ECLI:NL:CRVB:2017:4148
Centrale Raad van Beroep
- Hoger beroep
- Rechtspraak.nl
Niet-ontvankelijkverklaring bezwaar wegens overschrijding wettelijke termijn in sociale zekerheidsrecht
In deze zaak heeft de Centrale Raad van Beroep op 1 december 2017 uitspraak gedaan in hoger beroep tegen een beslissing van de rechtbank Amsterdam. De appellant, woonachtig in Duitsland, had bezwaar gemaakt tegen verschillende besluiten van het Uitvoeringsinstituut werknemersverzekeringen (Uwv) met betrekking tot terugvordering van onverschuldigd betaalde uitkeringen. Het Uwv had het bezwaar van de appellant niet-ontvankelijk verklaard wegens overschrijding van de wettelijke termijn voor indiening van bezwaar. De rechtbank had deze beslissing van het Uwv bevestigd.
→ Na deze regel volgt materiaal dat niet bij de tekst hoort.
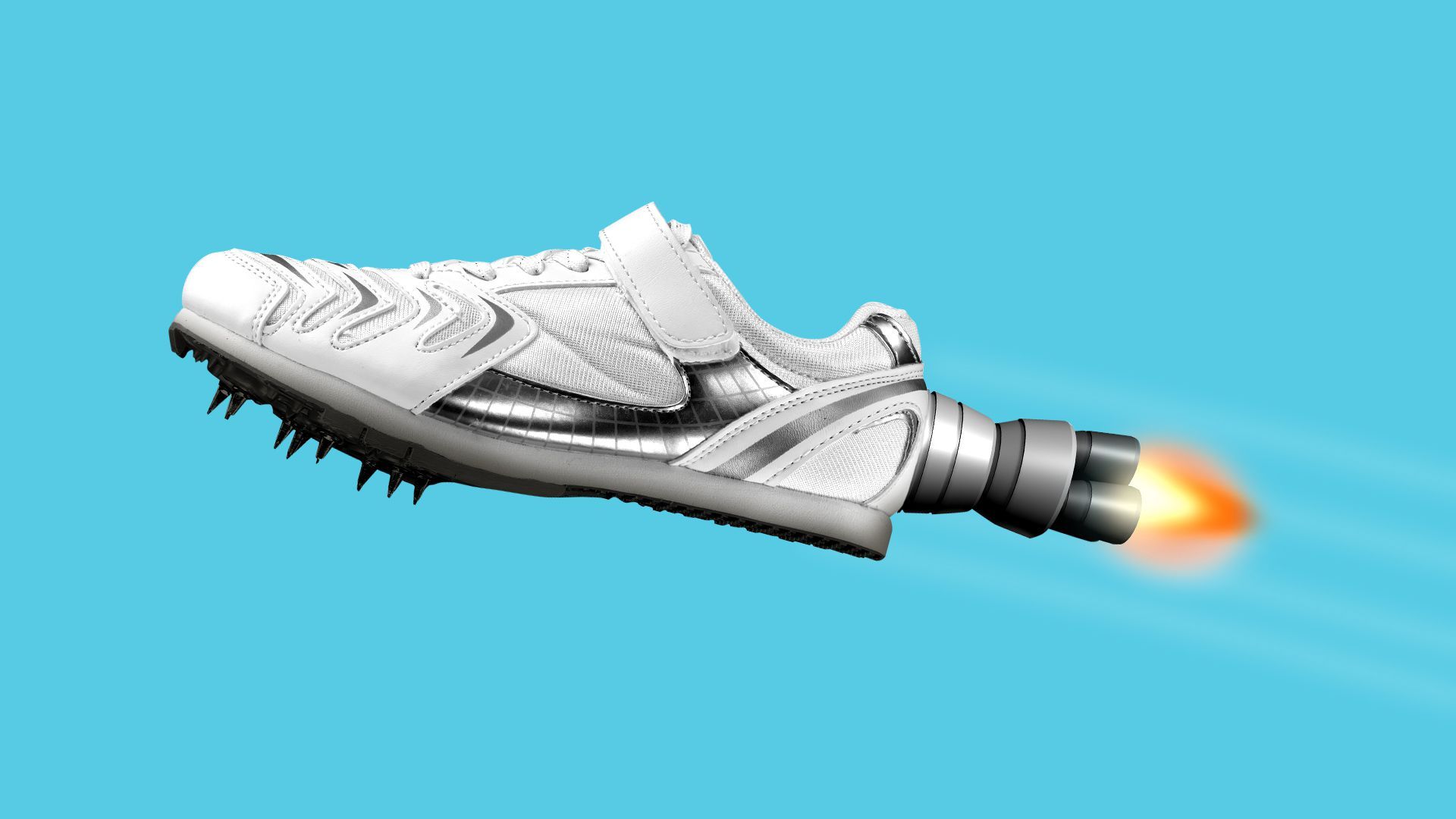 Illustration of a track shoe with a jetpack on the back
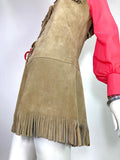 1960s vintage suede fringed dress / 70s Tina Turner / Festival / Grace Slick / Woodstock / Rare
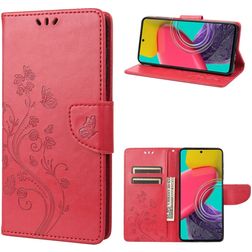 Mobigear Flowers Samsung Galaxy M53 Hülle Klapphülle Geldbörse - Rot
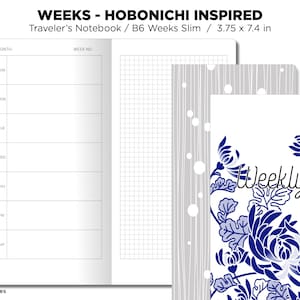 Könnte beinhalten: Ein wöchentlicher Planer-Notizbuch, inspiriert von Hobonichi, mit einem blauen und weißen Blumendesign. Das Notizbuch ist in Größe B6 und misst 3,75 Zoll mal 7,4 Zoll. Es enthält eine karierte Seite, eine Wochenübersicht und einen Monatskalender.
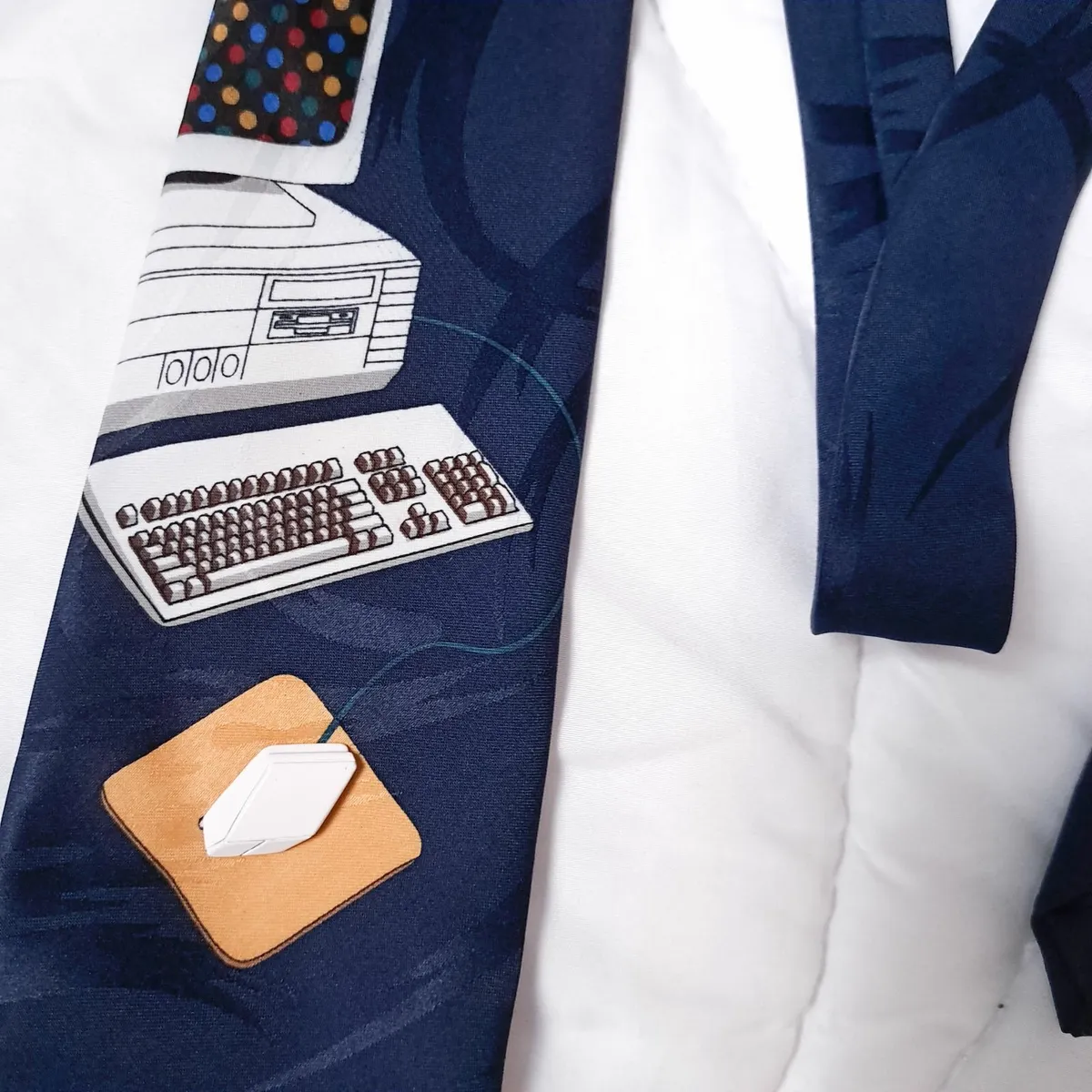 Vicky Davis Navy Blue Computer Mouse Novelty Tie - Image 3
De appellant stelde dat hij pas eind oktober 2014 op de hoogte was geraakt van de besluiten en dat het Uwv deze niet op de juiste wijze had bekendgemaakt. De Raad oordeelde dat het Uwv het besluit van 9 juli 2002 op de voorgeschreven wijze had verzonden, en dat het niet ophalen van de aangetekende brief voor rekening en risico van de appellant kwam. De Raad bevestigde dat de appellant binnen zes weken na de aanbieding van de brief bezwaar had moeten maken, wat hij niet had gedaan.
De Raad concludeerde dat de rechtbank terecht had geoordeeld dat het Uwv het bezwaar van de appellant terecht niet-ontvankelijk had verklaard. De Raad bevestigde de aangevallen uitspraak en oordeelde dat er geen aanleiding was voor een veroordeling in de proceskosten.